Gantlet or Gauntlet

I recently came across a Wikipedia article about “gauntlet” tracks.

Gauntlet track - Wikipedia

I was a bit surprised by the term because I remember John Armstrong wrote about these in Track Planning for Realistic Operation and I remembered him using the term “gantlet”. I just came across my copy of the book and it confirmed that my memory is correct.

Knowing that Wikipedia doesn’t always vet their information, I tend to give more credibility to John Armstrong. My question is which is correct or are both acceptable?

In medieval times, a gauntlet was a leather glove with chainmail on the back. Hence the term throwing down the gauntlet as a form of challenge.

Mr Armstrong was correct,

From Grammarist.com :

"Gantlet was the original spelling of the word referring to a form of punishment in which people armed with sticks or other weapons arrange themselves in two lines and beat a person forced to run between them*.* It came from the earlier English word gantlope, which in turn comes from the Swedish gatlopp.1 Gauntlet is an alternative spelling of gantlet

on the railroad - the fewest letters usually wins.

The Chicago, South Shore & South Bend Railroad (CSS&SS) is well known for its gantlet bridge where a fatal accident occurred in 1993. If you Google accounts of this accident, you will find the track arrangement referred to both ways - - gantlet and gauntlet. It is commonly referred to in railroaders’ language as “gantlet”.

Rich

According to my trusty “Random House Dictionary of the English Language” (copyright 1968) Definition 1 for “gantlet” is the railroad track construction; they even have a good graphic showing a gantlet track. Definition 2 of “gantlet” is an alternate spelling of “gauntlet” for the punishment.

Kurt Hayek

If anyone’s interested in seeing a real-life gantlet track here’s two of them at the Townley Station on NJ Transit’s Raritan Valley Line. The first one appears at 1:25, the second at 5:35.

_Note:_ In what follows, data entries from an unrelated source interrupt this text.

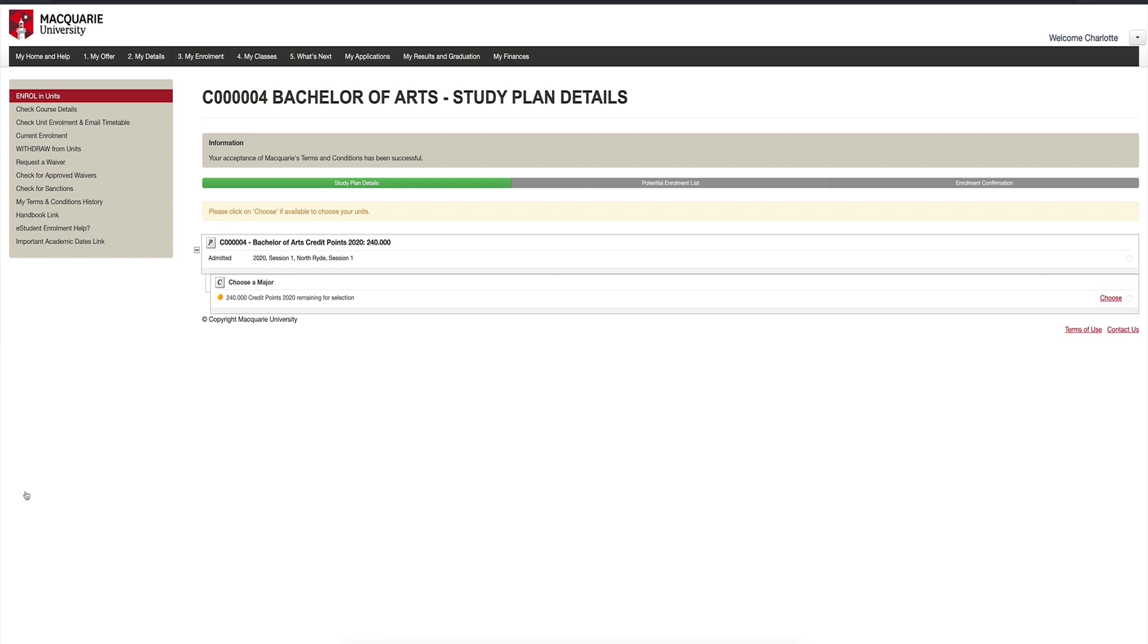If your course does not require you to select a major, you can go straight to tutorial 5, enrolling in units. Otherwise, stay tuned for tutorial 4, selecting your major.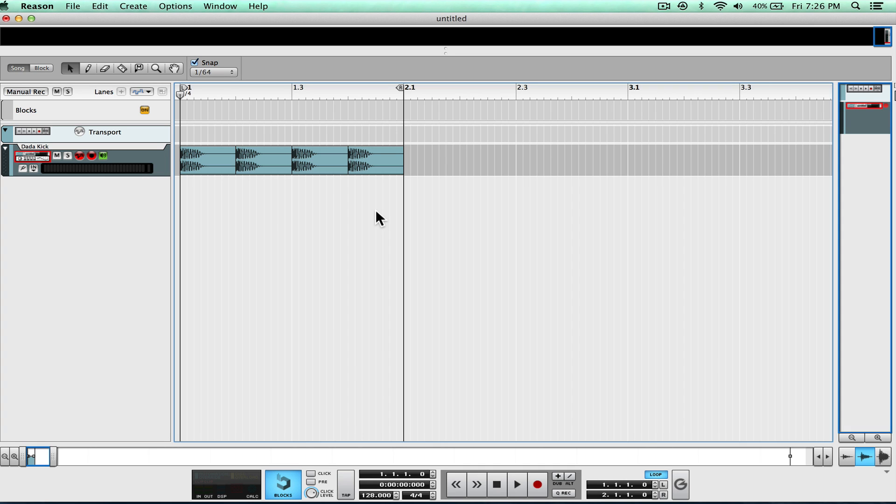Hey everybody! Today I'm going to be showing you guys how to create a new way to sidechain, or create a sidechain-like effect. It's not actually using any compressors, so it is not sidechain compression, but it gives you the same end result. Let's get started.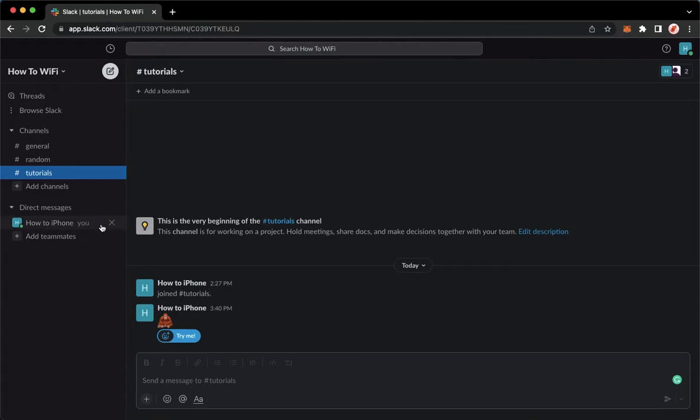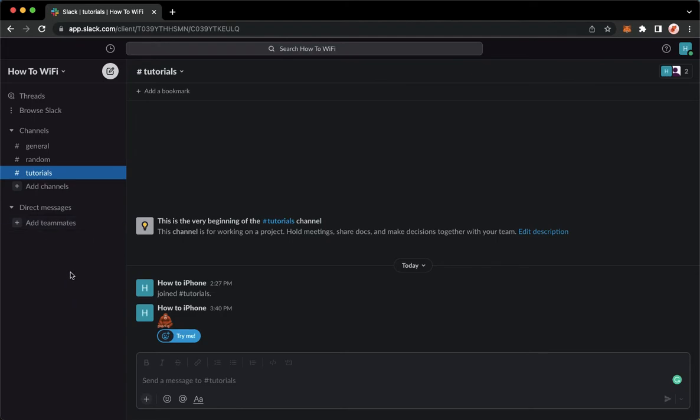You may also click on the X button found on the rightmost part of the direct message and then there you go. And that's it. That's how you can delete direct messages on Slack.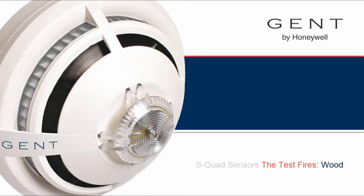S-quad detectors use patented dual-angle optical detection combined with heat and carbon monoxide sensors to determine a real fire incident from a false alarm.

https://www.youtube.com/watch?v=8mvNZhxkNHk

Another vareity, the gantlet switch:

Thomas Underwood Coll B&O274 by John W. Barriger III National Railroad Library, on Flickr

The Erie Railroad main line negotiated a ganutlet in downtown Warren, Ohio for many years. That must have been an operating headache:

Erie_Warren_Gauntlet by Edmund, on Flickr

Howard Street Tunnels in Baltimore:

Thomas Underwood Coll B&O105 by John W. Barriger III National Railroad Library, on Flickr

Regards, Ed

Another use was scale track. They didn’t want heavy locomotives on the scale track.

Gantlet or gauntlet, any way you say it was more common than you think.

Pete.

Part of this is the early-20th-Century spelling simplification that led to ‘gage’ in technical terminology (as in ‘loading gage’).

There’s a gantlet switch at the entrance to the Fairbanks Morse plant in Beloit, WI.

Coincidently, this is the July photo on my 2023 B&O calendar.

Note the smashboard above the gantlet track.

At least in my accent, there is a slight pronounciation difference. The “gant” in “gantlet” would rhyme with “can’t”, where in “gauntlet” the “guan” would sound like “gone”.

Not to throw down the gauntlet…

It’s gantlet. Anything posted on Wikipedia should be conmfirmed by other sources

I visited several dictionary sites and they all state that gantlet and gauntlet are variants of each other.

I’ve seen both terms used interchangeably on various sites and references. It’s not worth splitting hairs over.

I like to collect old model railroad “how to” books, some going back to the 1930s. It’s interesting that in the early days of the hobby “gage” seemed to be the most used, like “O gage layout”. Not sure when “gauge” became virtually universal; just sometime after WW2.

I always thought it was gauntlet. Never heard of gantlet. Doesnt even sound right. Im still working on that ‘plough’ word from a year ago [(-D].

PMR

i have always referred to it as a ‘gauntlet’, i have never heard of it being called a gantlet ???

Is that to knock the roof top surfers off? There have been a couple teen deaths in NY and a mother is demanding they do something to prevent teens from getting out the doors and climbing onto the roofs of cars. I don’t think those kids were going to be the next Steve Jobs.

That tunnel is slated to be made higher to accomodate double stacks, as it was built 128 years ago. The gauntlet must start in the tunnel.